About the big brother thing - don't be so hard on yourself. I don't know the entire story, but based upon what you said, you weren't much different than a lot of older brothers, that's what they do - they tease the younger ones unmercilessly. By supporting him now you are doing what every sibling needs to do. Take care.
Scott know that you are doing the best and giving your best. Those people in your world/life are lucky to have you.
{{HUGS}}
I've often told my "thinking of divorce" friends and my "I can't believe I got pregnant", unmarried friends that almost any father is better than no father...speaking as one who knows both sides. I don't think kids should be subjected to horrible treatment but then sometimes bad circumstances are worth enduring, just to have a father (call me crazy)...God knew what He was doing when He made mothers and fathers for kids...
I'm praying for John....
Maybe you could have done more? Hard to know isn't it? I have a little sister who I taunted in similar ways and she's f**** up. I have two older siblings who taunted me in similar and other ways and (hopefully) I'm solid.
I don't think it is your responsibility but you always wonder if things could have been different. Good luck to John with his drug problem. You can still tell him you love him.
Parents can do terrible things to their kids without even thinking. Hope yours & mine grow up safely and happily.
Hindsight is 20/20. We always want to take back our actions once we already know the consequences. But sometimes we have to accept that things may have turned out the same no matter what we did.
It's tough dealing with a family member with an addiction. Hope things turn out for the best.

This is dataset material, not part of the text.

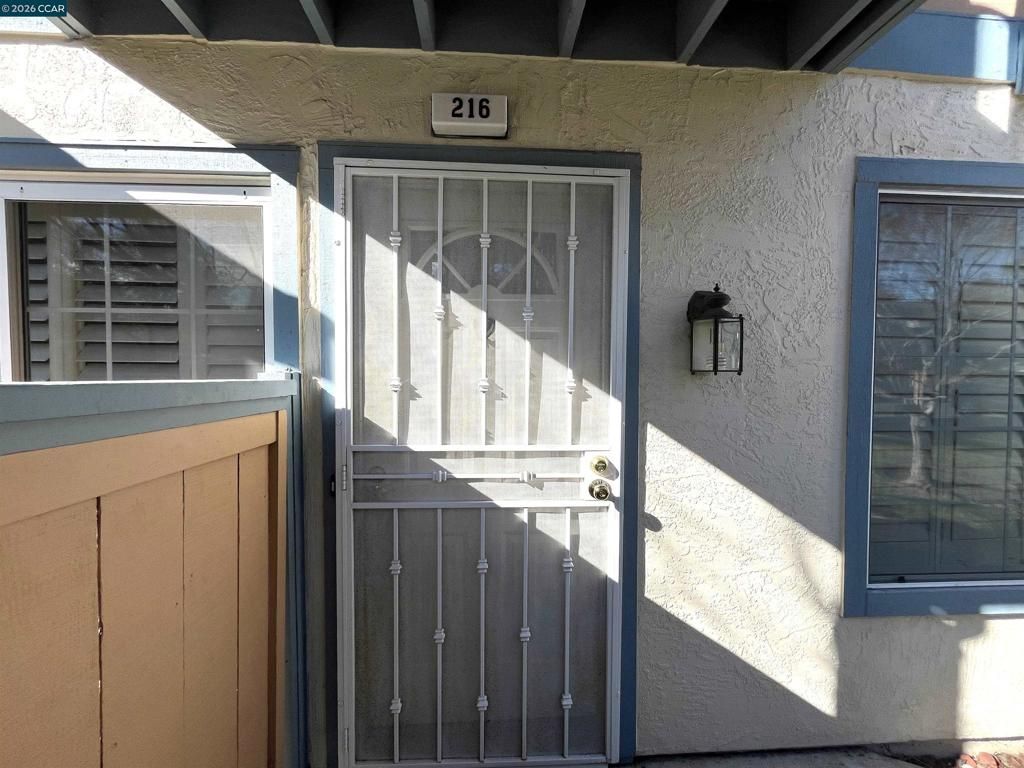 Image 2 of property listing at 216 Glenwood, Hercules, CA 94547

Scott, you should not even remotely take the blame for your dad's mistakes. I sense that you feel as though you should have taken on a fatherly role with your brother. You were and still are his brother.
The same thing happened to me, although I was never involved with drugs, my father left me when he married my stepmother. He disowned me because my stepmother who was not that much older than I, was jealous of me. I was a good child and didn't deserve it. I have a stepsister, a half brother, a half sister, and an adopted brother who live with my father, and I don't see any of them. I have extended the olive branch many times and still they won't include me. The reason I'm telling you this is that a father's conditional love is to earned so to speak, and a lack of it can mess with your psyche. For years I tried to reach my father and then for years I felt that I wasn't good enough to have earned his love.

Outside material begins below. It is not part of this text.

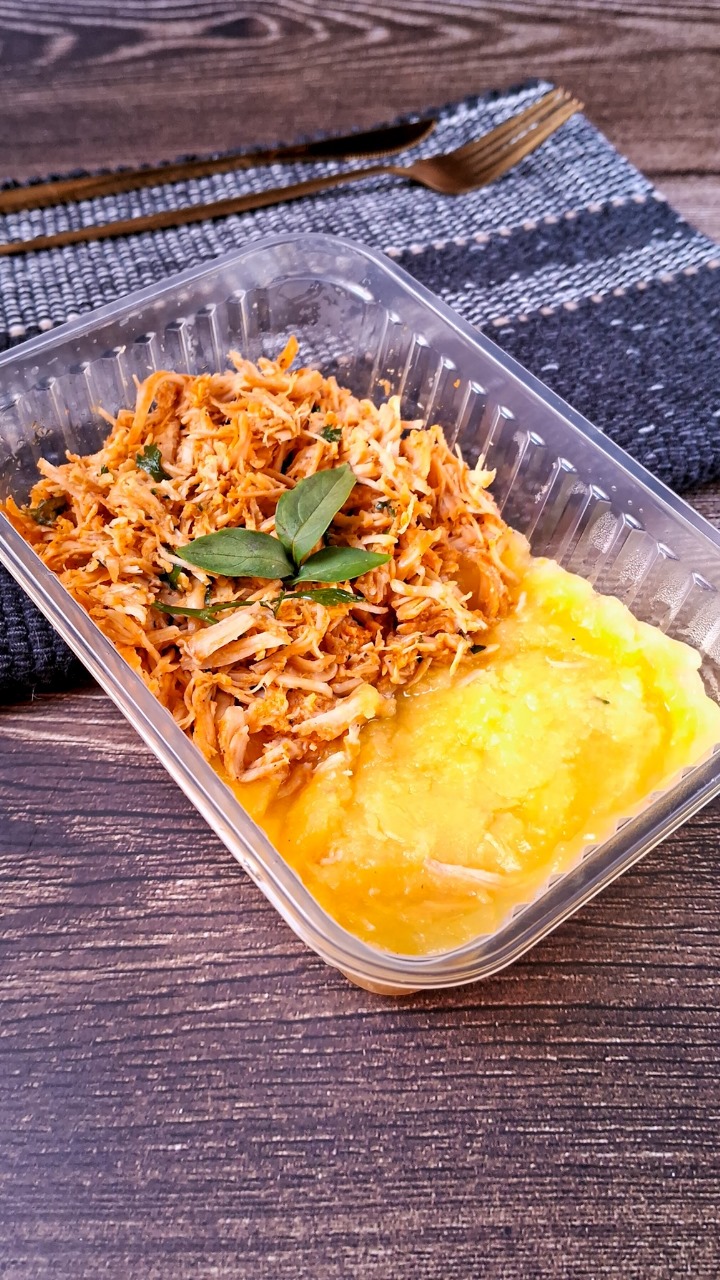 Frango desfiado cremoso com purê de batata baroa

And then I had an epiphany and that is this, my heavenly father loved me enough to send his son to die for my sins and unlike earthly fathers he will never leave me. So regardless of whether my earthly father wants a relationship with me or not, I am worthy of a heavenly father's love. I know it sounds hokey and idealistic, but it has helped me tremendously.
Maybe you could help your brother know that he has done nothing to cause his father to not love him. That he is a worthy person, that he is an individual with something of value to offer this world.
Don't worry about your sons, you are there and as long as you are there for them and love them, you'll love away the social ills that seek to destroy them. I'll be praying for your brother.
Bless,
Moni
Scott-
I'm sorry you have to go through this. It is natural to think of what you could have done better even if you were the absolute ideal brother (whatever that is). But the truth is the perfect parents and siblings raise drug-addicted kids. And the most horrible awful situations beget upstanding citizens. Sure, people are influenced by their environment but above all they are led by their own free will. The key is what you do once you know what your brother is going through.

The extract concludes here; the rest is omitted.